Are there likely natural disaster risks in Idaho? If so, what are they and how can students better prepare for them?

On June 5, 1976, the Teton Dam in southeastern Idaho went through a catastrophic failure.

Jessica Foster, a freshman majoring in interdisciplinary studies, grew up in Idaho Falls, Idaho, all of her life.

“When the Teton Dam broke, my dad was right outside of Rigby,” Foster said. “I grew up hearing about that. A lot of our family friends lost their crops from it.”

Foster said she is used to the natural disaster risks in the surrounding area because she grew up here.

“I grew up here, so Yellowstone has never really freaked me out,” Foster said. I go to visit at least twice a year and they take a lot of precautions for it.”

Coreen Hurst, a faculty member in the Department of Geology, shared her thoughts on potential risks in the area and those that are most likely to occur.

“Several disasters are possible,” Hurst said. Flooding is the most likely. We are close to the Snake River and different tributaries to the Snake River. This past spring there were several close calls for flooding.”
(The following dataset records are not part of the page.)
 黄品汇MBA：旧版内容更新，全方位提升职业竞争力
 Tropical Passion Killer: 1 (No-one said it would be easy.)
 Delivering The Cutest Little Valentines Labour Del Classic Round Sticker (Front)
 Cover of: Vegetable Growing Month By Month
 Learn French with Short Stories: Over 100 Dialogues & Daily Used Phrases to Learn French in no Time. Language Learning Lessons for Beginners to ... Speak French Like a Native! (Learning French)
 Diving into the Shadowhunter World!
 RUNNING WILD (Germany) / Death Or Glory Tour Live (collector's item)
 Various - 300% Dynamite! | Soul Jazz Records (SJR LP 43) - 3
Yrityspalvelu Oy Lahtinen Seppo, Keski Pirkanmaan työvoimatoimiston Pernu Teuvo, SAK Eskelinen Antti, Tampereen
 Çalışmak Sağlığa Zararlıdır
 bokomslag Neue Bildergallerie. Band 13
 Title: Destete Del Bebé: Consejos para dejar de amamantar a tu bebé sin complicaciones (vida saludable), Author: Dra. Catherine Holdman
Hurst said that another risk in this area are earthquakes. The area is being monitored currently.

“There are some fault lines in this area and the surrounding area that could potentially have an earthquake occur on them,” Hurst said. “If an earthquake were to occur on the Teton fault line, this area would be affected by it. The University of Utah along with Idaho State monitors this whole area with seismographs.”
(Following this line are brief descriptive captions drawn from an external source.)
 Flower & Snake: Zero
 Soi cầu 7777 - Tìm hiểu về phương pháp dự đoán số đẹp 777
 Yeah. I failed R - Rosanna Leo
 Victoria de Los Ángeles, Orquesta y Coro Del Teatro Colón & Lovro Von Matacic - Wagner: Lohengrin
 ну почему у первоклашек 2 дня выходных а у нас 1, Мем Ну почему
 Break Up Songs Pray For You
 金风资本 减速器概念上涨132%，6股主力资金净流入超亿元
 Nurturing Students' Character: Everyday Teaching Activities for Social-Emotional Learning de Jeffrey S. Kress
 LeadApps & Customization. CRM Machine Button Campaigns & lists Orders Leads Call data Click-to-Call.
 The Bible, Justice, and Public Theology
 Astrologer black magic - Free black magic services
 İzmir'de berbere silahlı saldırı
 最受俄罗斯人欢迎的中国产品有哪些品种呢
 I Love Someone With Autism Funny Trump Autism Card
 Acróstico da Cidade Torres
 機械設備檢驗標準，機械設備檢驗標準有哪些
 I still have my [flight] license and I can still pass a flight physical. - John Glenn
She said that another risk in this area are volcanic eruptions.

“R Mountain is a tuff cone volcano,” Hurst said. “Tuff cones usually only erupt one time. R Mountain erupted and is no longer active, but there is a possibility of a new one appearing next to it or around it.”
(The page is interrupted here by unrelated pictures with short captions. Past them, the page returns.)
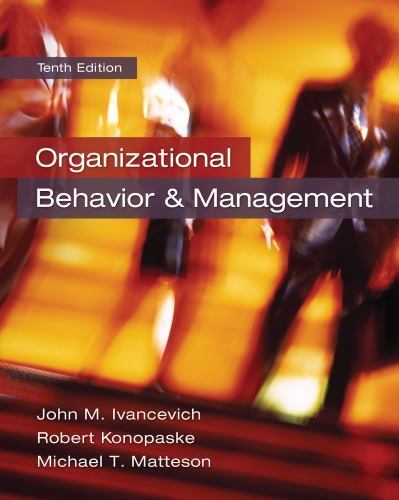 Organizational Behavior and Management by Michael T. Matteson, Robert Konopaske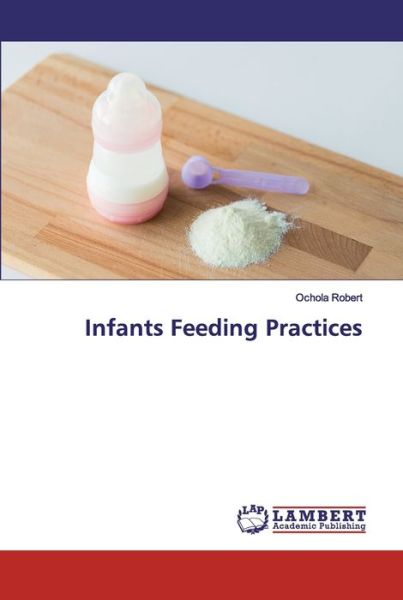 Cover for Robert · Infants Feeding Practices (Book) (2019)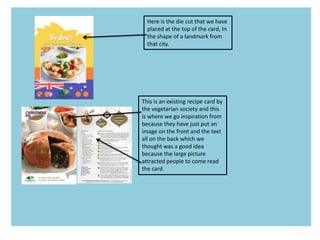 Here is the die cut that we have
placed at the top of the card, In
the shape of a landmark from
that city.
This is an existing recipe card by
the vegetarian society and this
is where we go inspiration from
because they have just put an
image on the front and the text
all on the back which we
thought was a good idea
because the large picture
attracted people to come read
the card.
 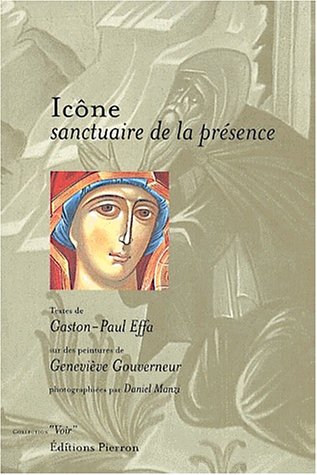 Icône, sanctuaire de la présence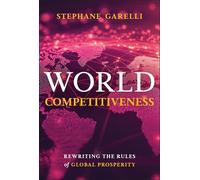 World Competitiveness – Rewriting the Rules of Global Prosperity – Wiley-VCH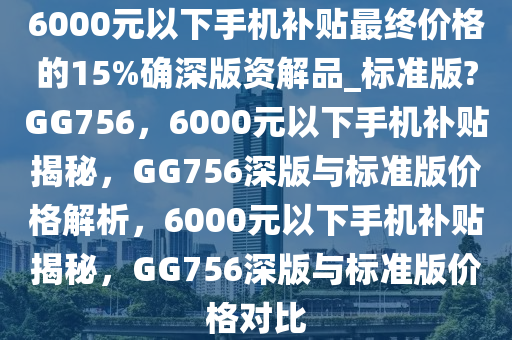 6000元以下手机补贴最终价格的15%确深版资解品_标准版?GG756，6000元以下手机补贴揭秘，GG756深版与标准版价格解析，6000元以下手机补贴揭秘，GG756深版与标准版价格对比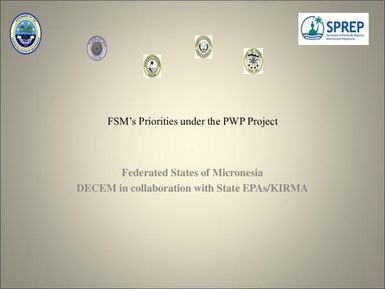 PacWastePlus steering committee meeting, 10-12 February 2020, Apia, Samoa : Country presentation - Federated States of Micronesia (FSM)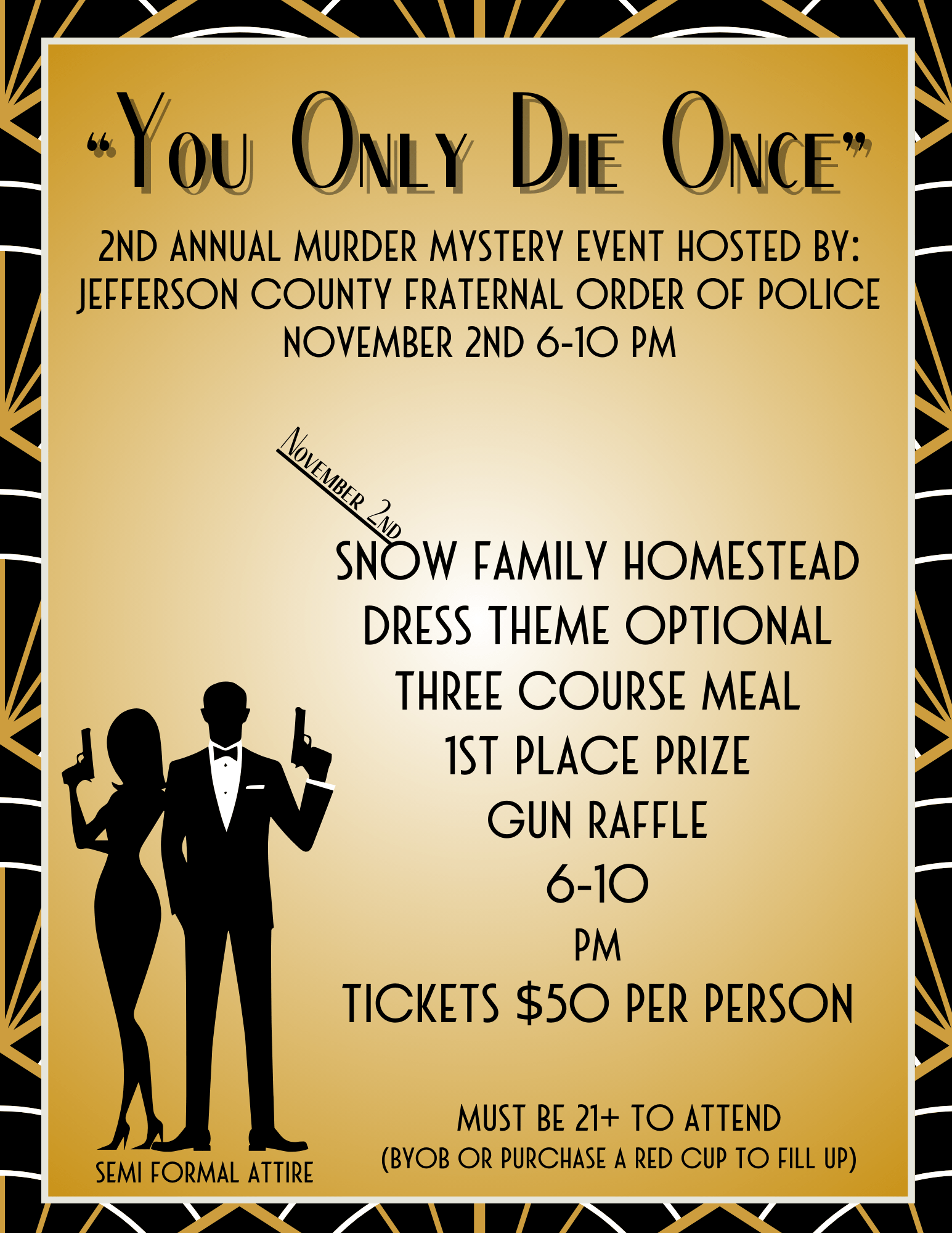 “You Only Die Once” Murder Mystery Event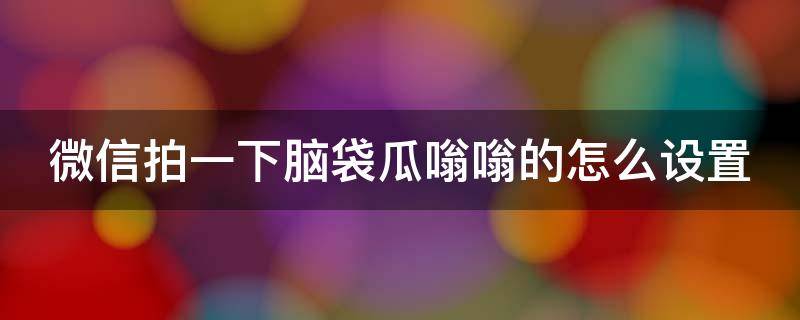 微信拍一下腦袋瓜嗡嗡的怎么設(shè)置 微信拍了拍大腦袋怎么弄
Anywhere in the world has potential natural disasters that could occur.

“Anywhere that you live is going to have risks,” Hurst said. “However, BYU-Idaho is really good about being a place of refuge.”

Hurst said there is information on the school website about how to prepare for disasters and emergency situations. This webpage is called the Emergency Action Plan.

“They have a list of all of the types of disasters that could occur,” Hurst said.

Kelsey Echols, a sophomore studying psychology, said that flood waters are a potential risk in this area.

“I grew up in the midwest so I’m used to tornadoes and earthquakes,” Echols said. “Maybe how high the flood waters are is a risk. The undercurrent especially in the Snake River is dangerous.”

Echols said what she would to get to higher ground in case of a flood emergency.

Foster said that being prepared is an essential aspect of knowing what to do in a disaster situation.

“Knowing what to do and who to contact in an emergency can better prepare us,” Foster said.

Hurst said that there are several things included in the university Emergency Action Plan that could benefit and prepare us for a disaster.

“Have things that are important in a safe place where they are easy to grab when leaving,” Hurst said.